- [Task material]
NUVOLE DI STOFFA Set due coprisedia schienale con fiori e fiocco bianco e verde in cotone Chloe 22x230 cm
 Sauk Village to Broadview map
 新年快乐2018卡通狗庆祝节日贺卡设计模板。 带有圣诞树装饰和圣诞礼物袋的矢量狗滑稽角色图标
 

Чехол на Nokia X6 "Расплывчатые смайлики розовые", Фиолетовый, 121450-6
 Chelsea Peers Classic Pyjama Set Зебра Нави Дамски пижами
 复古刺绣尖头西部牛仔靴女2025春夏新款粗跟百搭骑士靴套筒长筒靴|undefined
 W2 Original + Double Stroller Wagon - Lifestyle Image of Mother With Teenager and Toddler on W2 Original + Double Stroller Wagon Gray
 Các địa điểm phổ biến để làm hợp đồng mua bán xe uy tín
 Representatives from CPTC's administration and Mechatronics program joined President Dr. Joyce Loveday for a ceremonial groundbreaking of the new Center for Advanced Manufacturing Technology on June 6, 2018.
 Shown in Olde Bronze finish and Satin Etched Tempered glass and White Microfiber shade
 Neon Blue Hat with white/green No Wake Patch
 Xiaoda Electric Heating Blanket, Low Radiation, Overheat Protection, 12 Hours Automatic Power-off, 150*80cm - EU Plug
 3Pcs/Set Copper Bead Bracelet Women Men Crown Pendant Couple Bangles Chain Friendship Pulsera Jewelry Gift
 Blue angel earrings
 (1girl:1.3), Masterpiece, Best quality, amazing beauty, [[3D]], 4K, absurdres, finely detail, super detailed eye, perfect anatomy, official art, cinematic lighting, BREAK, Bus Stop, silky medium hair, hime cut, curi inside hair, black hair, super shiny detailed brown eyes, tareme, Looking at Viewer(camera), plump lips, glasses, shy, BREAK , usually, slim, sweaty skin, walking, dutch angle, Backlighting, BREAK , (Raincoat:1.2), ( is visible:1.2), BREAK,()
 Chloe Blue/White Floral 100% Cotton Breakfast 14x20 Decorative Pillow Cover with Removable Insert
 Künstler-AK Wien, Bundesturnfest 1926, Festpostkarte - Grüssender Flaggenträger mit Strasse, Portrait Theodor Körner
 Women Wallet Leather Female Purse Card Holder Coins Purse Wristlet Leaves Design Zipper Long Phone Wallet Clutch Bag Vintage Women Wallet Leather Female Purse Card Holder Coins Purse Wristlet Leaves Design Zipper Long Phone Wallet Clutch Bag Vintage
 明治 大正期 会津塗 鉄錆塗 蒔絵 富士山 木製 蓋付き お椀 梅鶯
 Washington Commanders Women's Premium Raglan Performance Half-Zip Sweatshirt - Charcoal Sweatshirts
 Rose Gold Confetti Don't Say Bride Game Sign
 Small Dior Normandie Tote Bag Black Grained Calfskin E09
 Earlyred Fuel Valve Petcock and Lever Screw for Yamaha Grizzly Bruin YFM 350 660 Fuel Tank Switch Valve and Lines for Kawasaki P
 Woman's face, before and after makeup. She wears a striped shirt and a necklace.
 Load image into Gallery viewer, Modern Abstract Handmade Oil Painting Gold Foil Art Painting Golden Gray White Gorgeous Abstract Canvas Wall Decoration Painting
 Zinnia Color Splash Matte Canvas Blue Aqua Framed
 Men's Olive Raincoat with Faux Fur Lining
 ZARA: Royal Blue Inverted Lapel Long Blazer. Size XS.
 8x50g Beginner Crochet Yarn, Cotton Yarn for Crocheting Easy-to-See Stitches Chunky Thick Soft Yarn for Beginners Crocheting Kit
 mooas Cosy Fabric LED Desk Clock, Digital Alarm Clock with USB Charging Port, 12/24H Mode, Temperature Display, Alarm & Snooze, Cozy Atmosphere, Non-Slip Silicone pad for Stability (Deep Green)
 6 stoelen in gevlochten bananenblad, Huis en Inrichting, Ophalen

- [Task statement] If a line in the data holds the string "Long", copy that line.

- [Written response]
 Women Wallet Leather Female Purse Card Holder Coins Purse Wristlet Leaves Design Zipper Long Phone Wallet Clutch Bag Vintage Women Wallet Leather Female Purse Card Holder Coins Purse Wristlet Leaves Design Zipper Long Phone Wallet Clutch Bag Vintage
 ZARA: Royal Blue Inverted Lapel Long Blazer. Size XS.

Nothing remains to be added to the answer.